Bild: Loitz an der Peene
Im Restaurant „Korl Loitz“ ist Hochbetrieb. Die Camper vom „Amazonas-Camp…
nebenan decken sich mit Loitzer Torf-Bier und Cola ein, um die kalten
Getränke auf der Terrasse des Restaurants oder auf den Stufen zum
Hafenbecken zu genießen. Träge fließt die Peene vorbei, auf der anderen
Seite steht meterhohes Schilfrohr.

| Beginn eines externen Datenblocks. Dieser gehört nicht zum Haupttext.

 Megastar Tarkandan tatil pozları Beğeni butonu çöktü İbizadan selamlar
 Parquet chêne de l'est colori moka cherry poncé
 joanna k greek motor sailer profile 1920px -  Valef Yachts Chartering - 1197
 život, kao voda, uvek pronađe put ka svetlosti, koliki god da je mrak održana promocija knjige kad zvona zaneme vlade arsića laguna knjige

Das Restaurant im stillgelegten
Bahnhofsgebäude liegt direkt gegenüber dem Hafen mit seinem leerstehenden
riesigen Backsteinspeicher.
Es ist die einzige Einkehrmöglichkeiten neben dem Bistro mit Döner und
Pizza in Loitz (gesprochen „Lötz“), einem 4.300 Einwohner zählenden
Städtchen in Mecklenburg-Vorpommern. Die Alterskurve zeigt den höchsten
Ausschlag bei der Gruppe der 45- bis 59-Jährigen (1.067) und fast noch mal
so viele zwischen 60 und 74. Jetzt im Sommer kommen Wassertouristen, Angler
und Ausflügler dazu. Doch bald soll hier alles anders werden: Loitz zählt
zu den Gewinnern des Bundeswettbewerbs [1][„Zukunftsstadt 2030+“].
„Amazonas des Nordens“ wird die Peene bisweilen genannt. Sie ist Lebensader
eines der größten zusammenhängenden Niedermoorgebiete Mittel- und
Westeuropas mit einer Fläche von etwa 20.000 Hektar: ein CO2-Speicher. Die
Peene mäandert durch Heide, Äcker und Wald – ein fast unberührter Fluss.

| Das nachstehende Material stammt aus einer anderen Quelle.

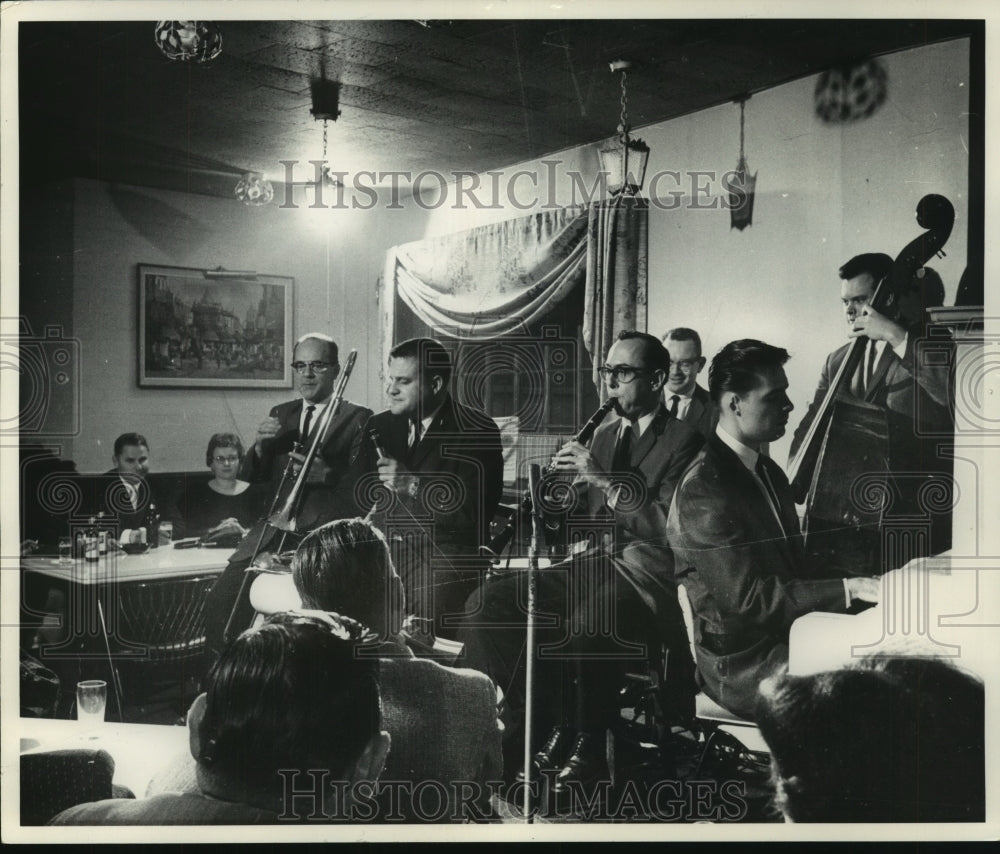 1961 Press Photo Dick Ruedebusch and his Underprivileged Five at the Tunnel Inn- Historic Images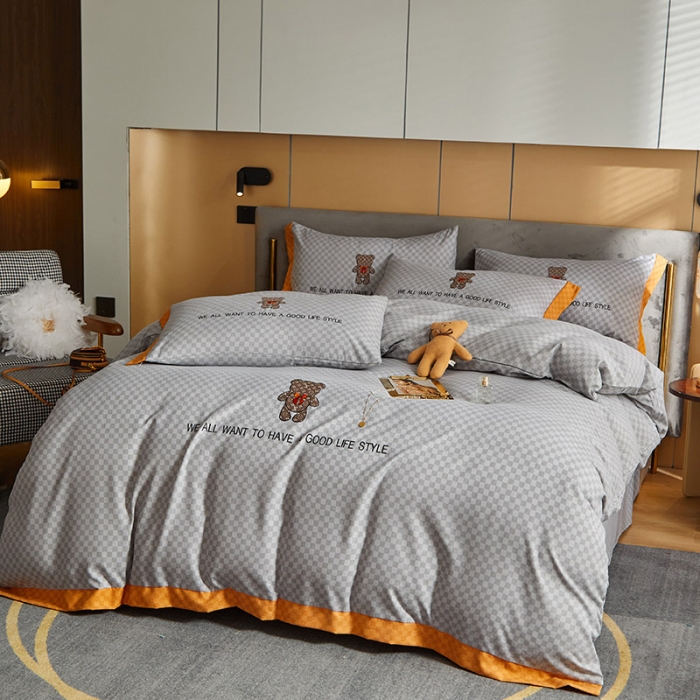 91家纺网 家纺一手货源 找家纺 凡客 2021秋冬新款埃类棉刺绣磨毛四件套-熊 轻奢熊-绅士灰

Bei Loitz haben sich ehemalige Torfabbauflächen mit Wasser gefüllt und sind
über Zugänge mit der Peene verbunden.
Das schafft traumhafte Bedingungen für die Tierwelt: Fast 40 Fischarten
leben hier. Dazu kommen mehr als 150 Vogelarten, Amphibien, unzählige
Insekten, Fischotter und Biber. Typische, selten gewordene Pflanzen wie
Ostsee-Knabenkraut, Mehl-Primel oder verschiedene Sumpfblumen und zwölf
Orchideen-Arten breiten sich dort aus. Sie gedeihen prächtig an den
weitgehend naturbelassenen Ufern der Peene.

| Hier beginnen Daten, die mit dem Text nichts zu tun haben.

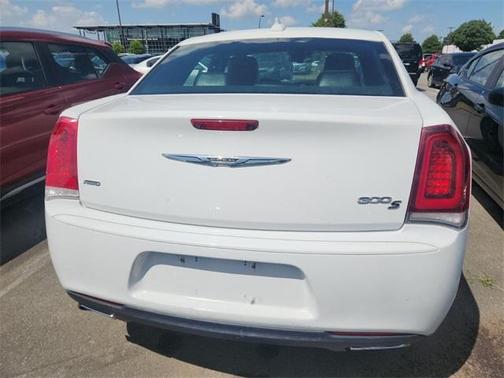 2015 Chrysler 300 S
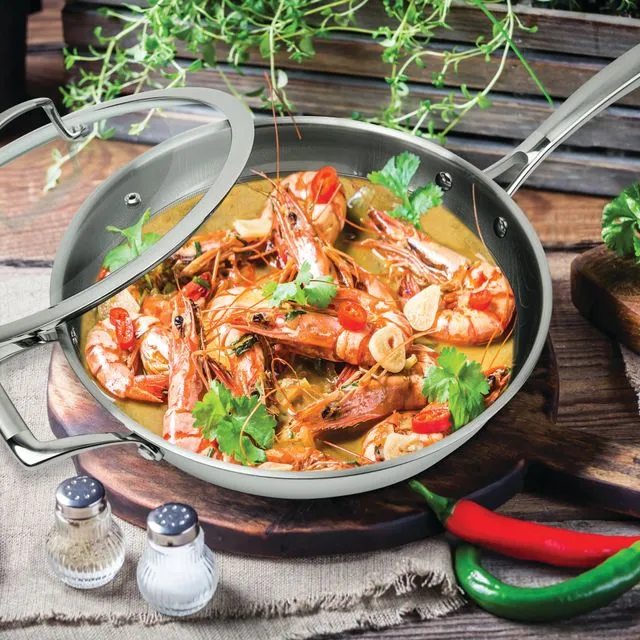 Masterpan Non-Stick Wok with Lid 30cm, Pixel Design, Scratch Resistant, Stainless Steel & Cast Aluminium, Oven & Dishwasher Safe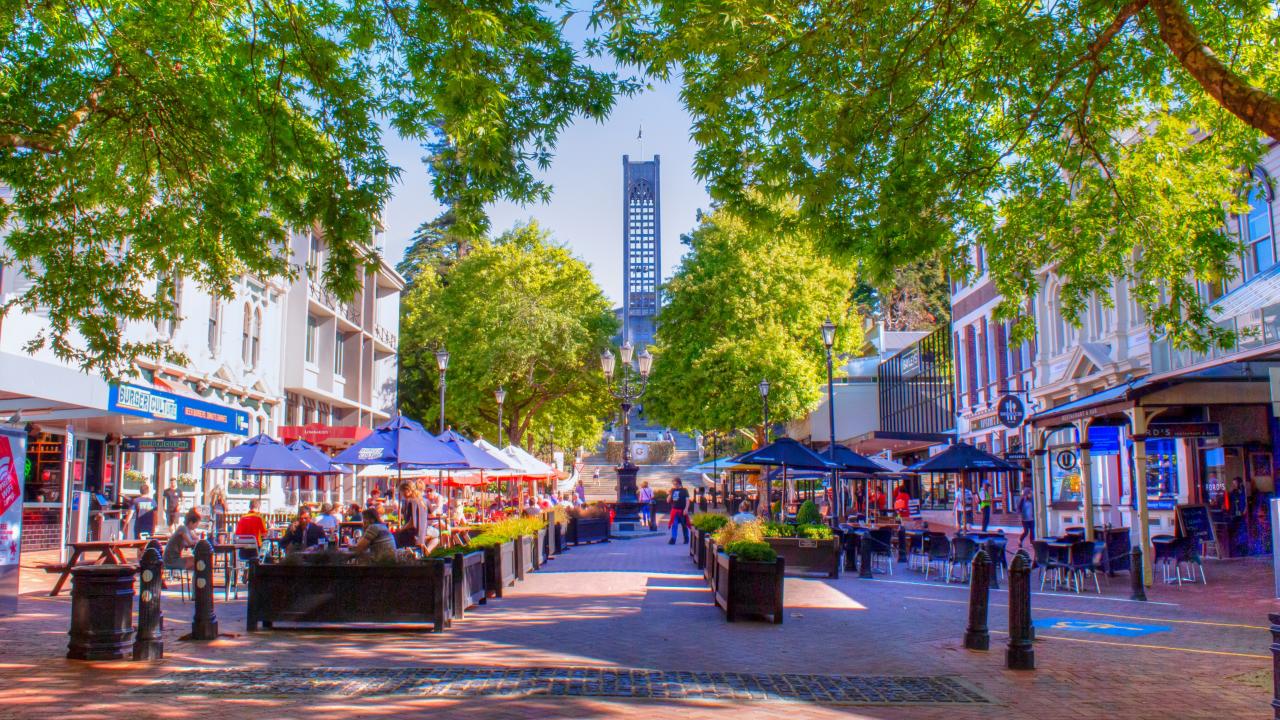 Alfresco dining on Trafalgar Street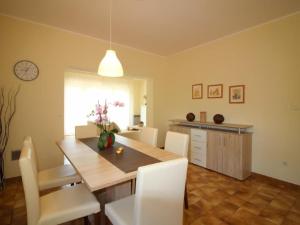 Apartment Tino mit Garten in Strandnähe by Interhome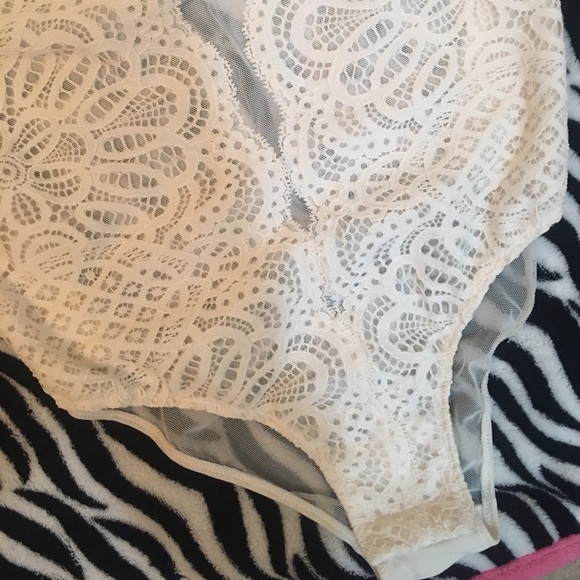 NWOT (never worn) VS lace and mesh bodysuit - Picture 2 of 4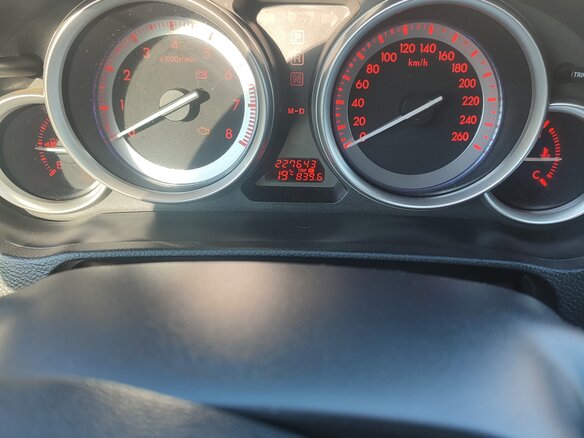 2008 Mazda 6 II (GH), серебристый, 500000 рублей - вид 2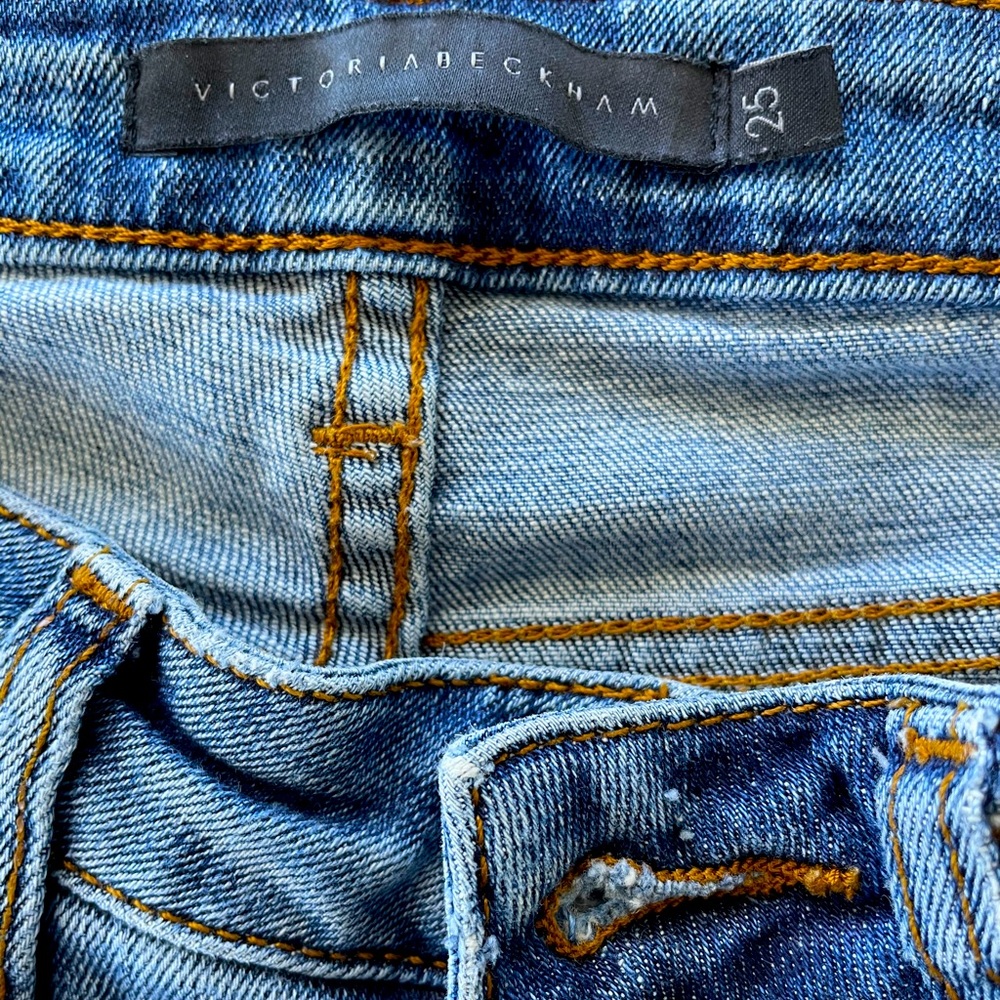 Victoria Beckham jeans 👖💙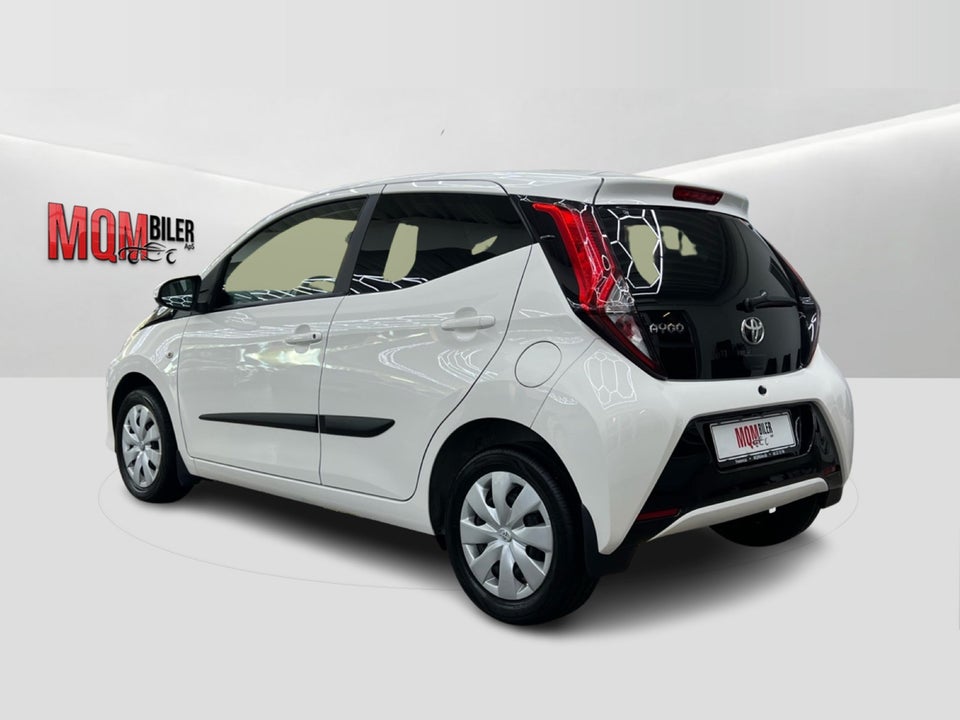 Toyota Aygo 1,0 VVT-i x-press 5d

Seit 2011 steht diese Landschaft unter Schutz: als [2][Naturpark
Flusslandschaft Peenetal]. Nachhaltiger – oder auch „sanfter“ – Tourism…
soll eine wirtschaftliche Alternative für die Bewohner des dünn besiedelten
Landstrichs bieten.
Loitz ist trotz Peene-Idyll und der unmittelbaren Nähe zu Greifswald
verschlafen. Hier verfallen leerstehende Wohnhäuser, wie auch die ehemalige
Kartoffelstärkefabrik, die früher Arbeitsplatz für viele war. Neben der
neuen Sparkasse gibt es einige Friseurläden, einen Blumenladen, Elektroshop
und die Großversorger Aldi und Edeka. Seit Neustem organisierte Anette
Riesinger, zugezogene Loitzerin, einen Wochenmarkt. Jeden Mittwoch können
die Loitzer hier Brot aus Hohenbrünzow und Fleisch von einem Biometzger bei
Behrenhoff kaufen. Ansonsten tote Hose.
Oder eben doch nicht ganz: Die Stadt ist in Sachen Kultur in Vorpommern
bekannt geworden. Regelmäßig gibt es Aktionen, zahlreiche Kunstschaffende
haben sich in und um Loitz niedergelassen. So gilt etwa der „Kultur-Konsum“
als feste Adresse für Ausstellungen, Veranstaltungen und Zusammenkünfte.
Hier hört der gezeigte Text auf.